Heathlands Flashcards
Which type of heathland are especially endangered?
Lowland heaths
Which two countries contain the majority of the world’s stock of Atlantic heath?
The UK and Ireland
Where is the heathland ‘stronghold’?
Dorset/New Forest Area.
What elevation does upland heath have to be to be classed as upland heath?
Greater than 300m above sea level
What are the main features of heaths?
1) They have infertile acidic soils
(pH of about 4.5 in the surface layer, can be as low as 3.0 in deeper layers).
2) Little vertical mixing due to lack of Earthworms
What is the definitive heathland soil profile known as?
A podsol (Russian: ash under soil).
What do most heaths result from?
Man-made habitat destruction. The damage was done during the bronze age; forest clearance and land over-exploitation.
(Do bear in mind that heathland is not entirely man-made, it was around before humans).
How do we know that heathlands were expanding/prominent during the bronze age?
1) Pollen analysis
2) Original soil profile can be found preserved under bronze-age burial mounds.
Where would be the worst place to try and make a heath?
A chalk quarry.
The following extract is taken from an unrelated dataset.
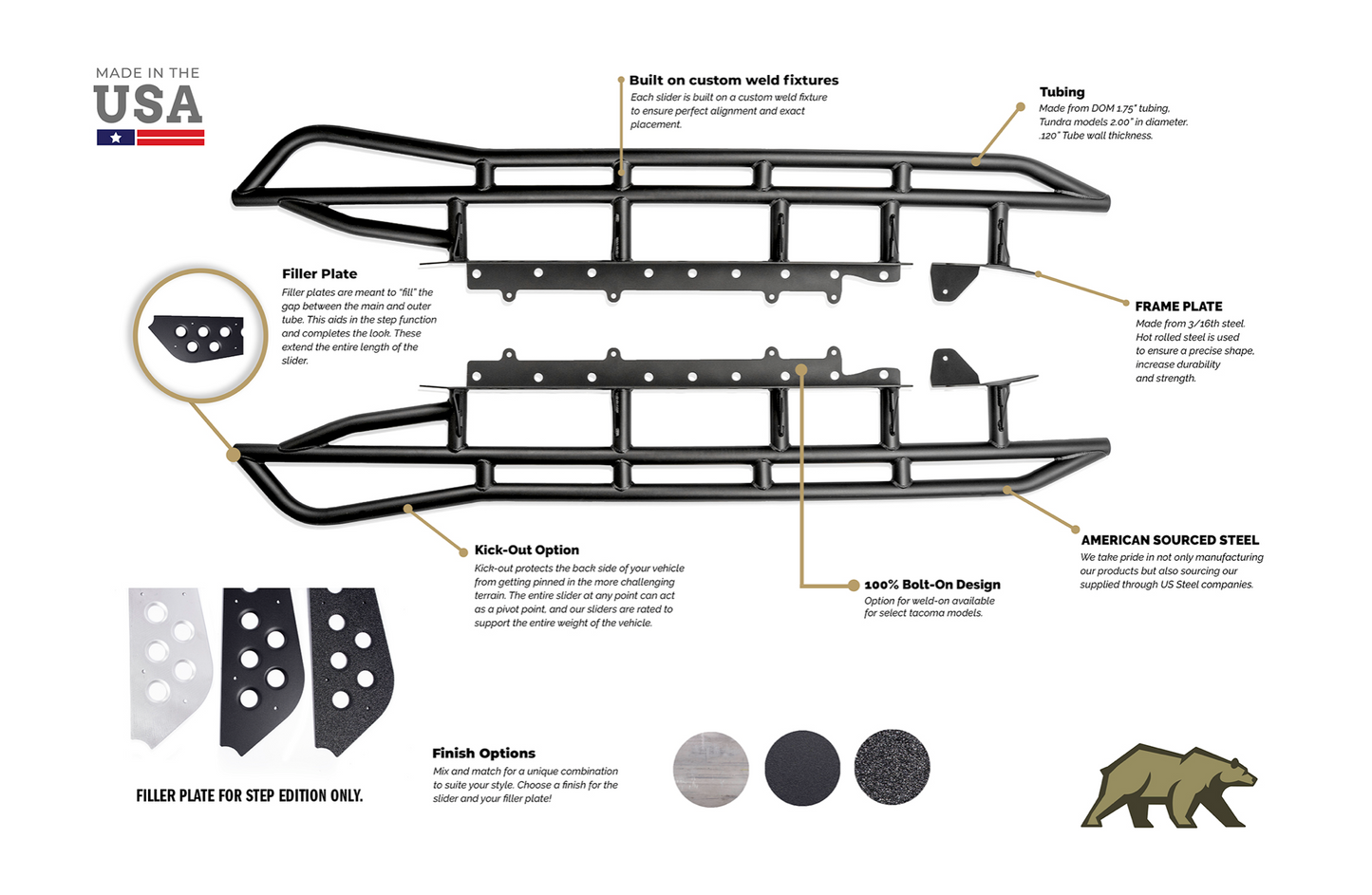 2014-2024 TOYOTA TUNDRA TRAIL EDITION ROCK SLIDERS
It has a pH of 8.5!
What is the name (including scientific name) of the definitive plant that gave its name to the habitat ‘heathland’?
Heath /Calluna vulgaris/
How long does the life cycle of heather take? How does it end?
About 30 years. It ends at a degenerate phase which is very prone to invasion by pine or birch.
List other plants in the that grow on heaths.
1) Bell heathers (/Erica spp./)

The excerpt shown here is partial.